Also, I’ve seen signage mentioning “seismic survey work” in areas where traffic restrictions are occurring due to large trucks with some sorta huge blocks in their undercarriage.
Also, this past weekend a helicopter was flying around, trailing a cable that looked like it was 50 or so yards long and had a box on the end.
My guess is something having to do with fracking. AmIright?
And, as an aside: at work we were discussing this and someone wondered aloud about taking one of the roadside bundles for further inspection. Would it be “illegal” to take something left alongside the road?
Seismic surveys use artificially-generated sound waves to map subsurface geologic structures that may serve as traps for oil and gas. This helps identify potential drilling sites. This has nothing directly to do with fracking, which is a technique for enhancing production from wells drilled into formations with relatively low porosity (meaning that it is difficult to otherwise extract the oil or gas on the pore spaces of the rocks).
The orange devices are most likely receiving stations for the seismic signals. The vehicles you saw are equipped with hydraulic ‘thumpers’ which generate the sonic signals picked up by the receivers.
Not sure what the device towed by the helicopter was, but it is most likely some other (non-seismic) type of survey instrument.

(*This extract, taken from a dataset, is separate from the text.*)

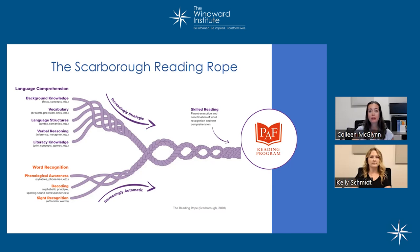Students need explicit instruction and practice to develop these skills and have them work together. Each strand is targeted and developed in the PAF program.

Please don’t steal the receivers; they cost money and have no particular use other than what they were intended for.
I never intended (or even thought about) taking one. I was curious though about what the legal ramifications were, once someone else brought up the idea.

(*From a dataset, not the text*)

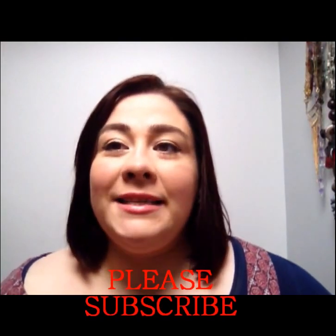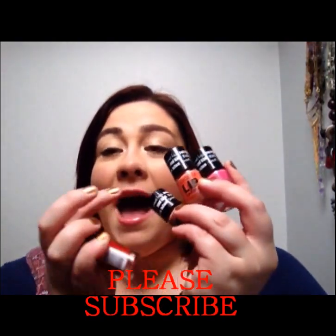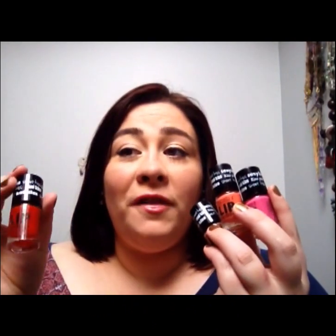Hey everybody, welcome back! Today's video is going to be a review and swatch of the GOSH lip lacquers. I saw the advertisement for them on Facebook and I just thought I would pick them up and do a video on them. These were four for £9.99 and I got free shipping to Ireland, so I'm glad I picked them up.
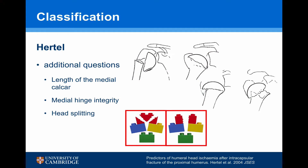Of more importance, there were additional questions included in Hertel's classification: the length of the medial calcar, the medial hinge integrity, and whether there was head splitting.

The fracking idea was a guess, as it has been in the local news the past few years.
My guess for the helicopter-towed device would be that it’s some sort of gravitometer. Very precise measurements of the gravitational field can also reveal some information about rock formations under the surface.
Seismic work is only indirectly associated with fracking. Seismic surveys are about measurement, most typically before drilling a well (though sometimes after a well has been drilled). Fracking is typically involved after you’ve drilled.
The trucks with giant blocks underneath are almost certainly some kind of vibroseis truck.
Why a vibrating block?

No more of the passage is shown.